Work required → Below are the records; give again exactly the line with "vergaser membran reparatursatz", the line with "The Tobacco Company Restaurant", and each line that lies between them, and nothing besides.

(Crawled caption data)
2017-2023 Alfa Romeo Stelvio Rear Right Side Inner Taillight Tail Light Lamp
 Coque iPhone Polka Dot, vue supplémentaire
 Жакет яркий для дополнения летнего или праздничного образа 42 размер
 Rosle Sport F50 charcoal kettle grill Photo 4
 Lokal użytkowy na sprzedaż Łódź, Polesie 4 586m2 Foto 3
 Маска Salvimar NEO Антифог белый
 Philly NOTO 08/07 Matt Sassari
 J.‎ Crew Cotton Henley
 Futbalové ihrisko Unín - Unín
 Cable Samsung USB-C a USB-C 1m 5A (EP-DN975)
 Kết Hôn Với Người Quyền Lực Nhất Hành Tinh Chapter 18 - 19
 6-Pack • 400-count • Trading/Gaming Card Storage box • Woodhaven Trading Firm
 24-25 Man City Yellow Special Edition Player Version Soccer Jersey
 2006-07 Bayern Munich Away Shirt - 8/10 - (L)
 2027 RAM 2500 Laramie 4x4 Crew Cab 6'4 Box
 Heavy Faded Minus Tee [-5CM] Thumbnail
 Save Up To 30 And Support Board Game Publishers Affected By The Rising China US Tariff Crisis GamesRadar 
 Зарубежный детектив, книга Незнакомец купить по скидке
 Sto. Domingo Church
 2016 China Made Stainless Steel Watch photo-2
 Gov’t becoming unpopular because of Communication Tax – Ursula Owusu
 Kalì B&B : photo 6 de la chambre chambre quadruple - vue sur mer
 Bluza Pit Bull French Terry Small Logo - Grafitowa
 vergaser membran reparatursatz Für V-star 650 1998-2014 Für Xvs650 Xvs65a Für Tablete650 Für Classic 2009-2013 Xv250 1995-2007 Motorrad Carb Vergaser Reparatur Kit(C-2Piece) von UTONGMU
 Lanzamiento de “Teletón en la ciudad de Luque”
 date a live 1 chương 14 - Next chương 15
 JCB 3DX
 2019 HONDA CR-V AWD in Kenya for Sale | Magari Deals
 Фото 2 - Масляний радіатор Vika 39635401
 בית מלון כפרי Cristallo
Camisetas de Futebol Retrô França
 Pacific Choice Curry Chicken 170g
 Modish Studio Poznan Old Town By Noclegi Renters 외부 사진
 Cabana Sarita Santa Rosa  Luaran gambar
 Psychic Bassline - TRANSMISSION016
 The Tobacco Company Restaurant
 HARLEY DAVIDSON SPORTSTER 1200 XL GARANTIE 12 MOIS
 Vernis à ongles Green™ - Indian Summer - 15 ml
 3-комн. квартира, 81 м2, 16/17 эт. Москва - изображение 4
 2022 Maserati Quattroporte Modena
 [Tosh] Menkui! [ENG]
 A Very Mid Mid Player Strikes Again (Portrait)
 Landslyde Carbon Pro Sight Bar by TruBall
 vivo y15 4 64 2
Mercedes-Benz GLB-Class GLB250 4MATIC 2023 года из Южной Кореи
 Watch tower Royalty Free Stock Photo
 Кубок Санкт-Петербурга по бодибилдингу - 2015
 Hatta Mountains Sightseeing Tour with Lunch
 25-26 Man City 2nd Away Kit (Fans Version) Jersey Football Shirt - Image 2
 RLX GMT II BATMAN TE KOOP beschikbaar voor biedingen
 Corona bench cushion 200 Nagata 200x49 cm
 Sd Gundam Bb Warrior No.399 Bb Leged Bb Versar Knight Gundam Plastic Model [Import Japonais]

Task response →
 vergaser membran reparatursatz Für V-star 650 1998-2014 Für Xvs650 Xvs65a Für Tablete650 Für Classic 2009-2013 Xv250 1995-2007 Motorrad Carb Vergaser Reparatur Kit(C-2Piece) von UTONGMU
 Lanzamiento de “Teletón en la ciudad de Luque”
 date a live 1 chương 14 - Next chương 15
 JCB 3DX
 2019 HONDA CR-V AWD in Kenya for Sale | Magari Deals
 Фото 2 - Масляний радіатор Vika 39635401
 בית מלון כפרי Cristallo
Camisetas de Futebol Retrô França
 Pacific Choice Curry Chicken 170g
 Modish Studio Poznan Old Town By Noclegi Renters 외부 사진
 Cabana Sarita Santa Rosa  Luaran gambar
 Psychic Bassline - TRANSMISSION016
 The Tobacco Company Restaurant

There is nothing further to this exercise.